HOW TO COMPLETE THIS TASK
Which lines run from the one with "INF 無限 鬼滅之刃聯名" through the end of the data? Retype them exactly, without pictures.

RECORDS
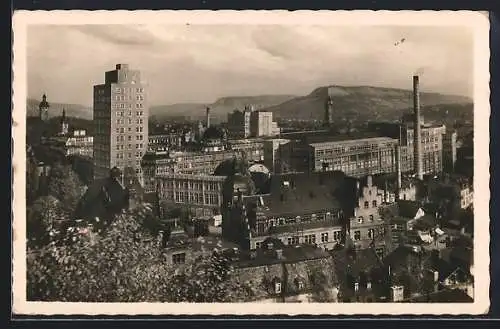 AK Jena, Zeisswerke, Hochhausneubau und Blick auf den Jenzig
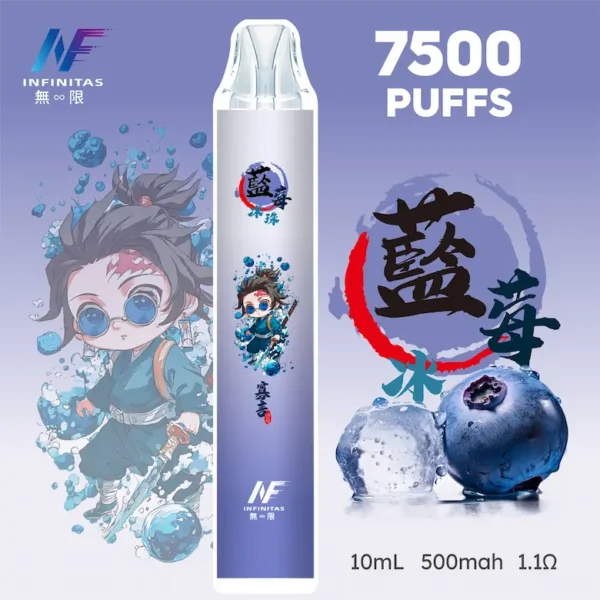 INF 無限 鬼滅之刃聯名 7500口 拋棄式電子煙 主打鬼滅之刃聯名造型與10ml大容量煙油 結合Mesh網芯爆發口感與550mAh大電芯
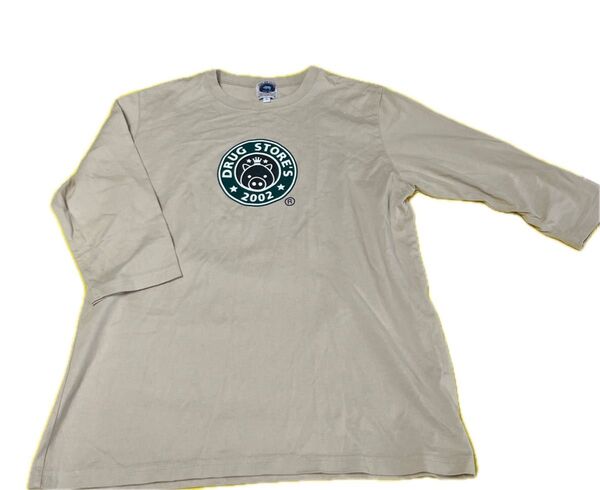 drug store's ドラッグストアーズベージュ5分丈?7分丈?カフェショップTシャツ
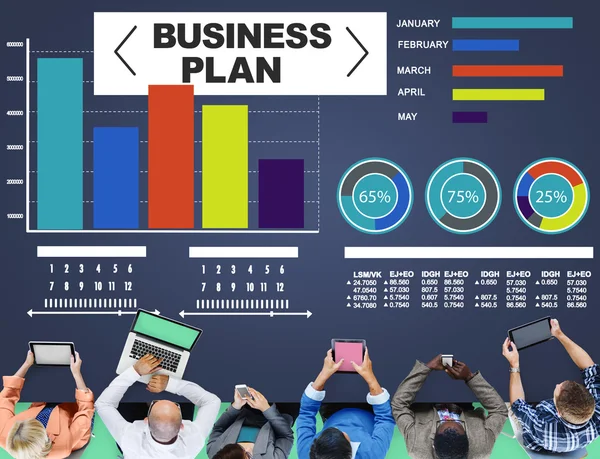 Plan de negocio Bar Graph Concepto de información para el desarrollo de datos —  Fotos de Stock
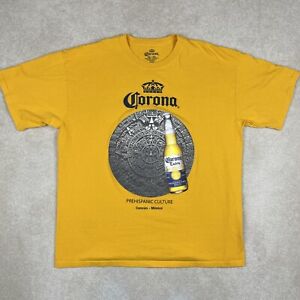 Corona Shirt Mens XXL Orange Yellow Extra Beer Prehispanic Culture Cancun Mexico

ANSWER SECTION
 INF 無限 鬼滅之刃聯名 7500口 拋棄式電子煙 主打鬼滅之刃聯名造型與10ml大容量煙油 結合Mesh網芯爆發口感與550mAh大電芯
 drug store's ドラッグストアーズベージュ5分丈?7分丈?カフェショップTシャツ
 Plan de negocio Bar Graph Concepto de información para el desarrollo de datos —  Fotos de Stock
 Corona Shirt Mens XXL Orange Yellow Extra Beer Prehispanic Culture Cancun Mexico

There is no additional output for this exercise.